Some skills from tabletop roleplaying carry over into epistolary RPG play, and some don’t. Obviously, speaking in a silly voice doesn’t help. But being able to create a complex, interesting character and convey them through words and actions does apply. Another thing from tabletop RPGs that still helps is being a good, supportive partner: listening and building on what they say, finding ways to boost the other player, offering them openings to do something cool, thinking about how to steer the story in interesting directions, etc.

So it feels like roleplaying, but not like roleplaying the same way you do at the table. A bit also like fiction writing, for obvious reasons.

The pauses between letters in other games was the death of the game (see above). For this game, though, the long pauses between letters has been an important part of the experience. It’s a game about loss, mourning and death, so the pauses between letters helps make that loss seem a bit more real, and makes the letters more significant when they do actually arrive.

But the structure is also important in pacing of the game: You can’t have the same back-and-forth type conversations in letters or emails as you can in a face to face game. Trying to hold a line by line conversation using letters will take weeks to get through even a short exchange. Ideally, instead, each player can create their own chunk of content, such as a single letter covering an event, and then other player(s) can make their own chunks in response. Most tabletop RPGs are made to have fine grained back-and-forth, especially in action and combat, and that works very poorly in an epistolary format.

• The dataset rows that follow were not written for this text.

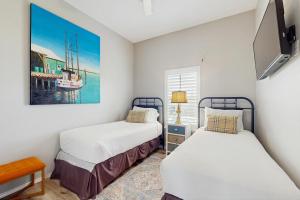 a bedroom with two beds and a painting on the wall at Gulf Breeze in Rockport +14 photos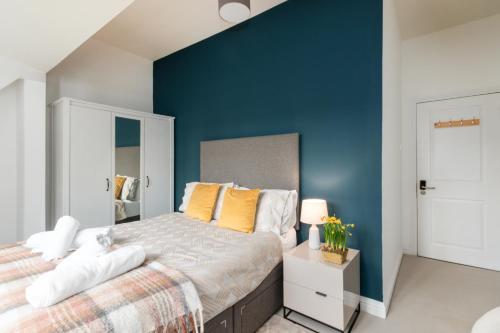 a bedroom with a large bed with a blue wall at The Vicarage Tooting, SW17 in London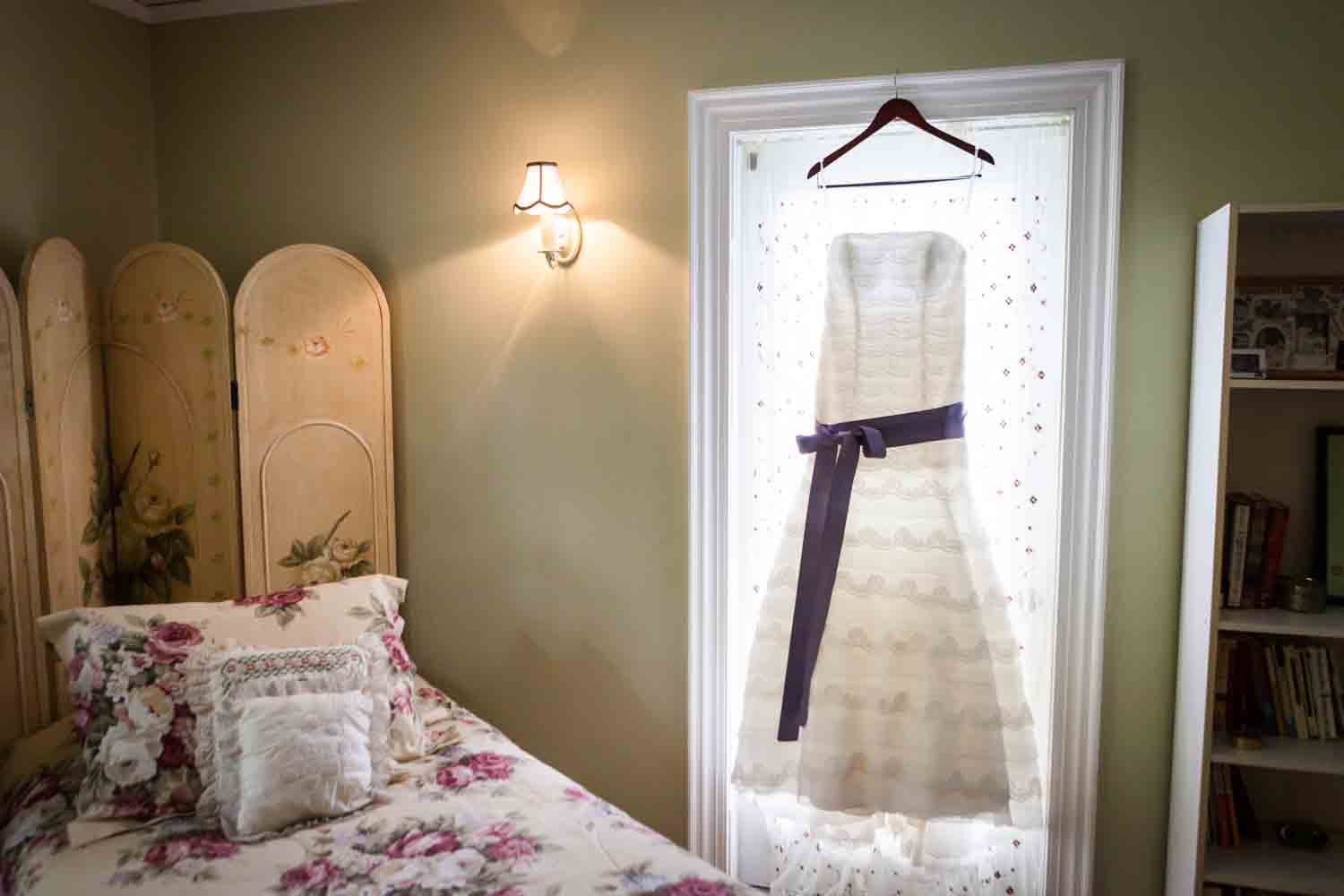 Wedding dress hanging in window of bedroom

One last point: even if you are writing letters or emails back and forth, it’s a good idea to have an out-of-character 21st century method of communicating about the game. A shared text message thread, or a shared Google Doc of notes, or a discord chat or something. You can use that to let the other players know if the game will be delayed, or to clarify rules issues, or just to check in that your correspondent(s) are enjoying the direction the plot is taking.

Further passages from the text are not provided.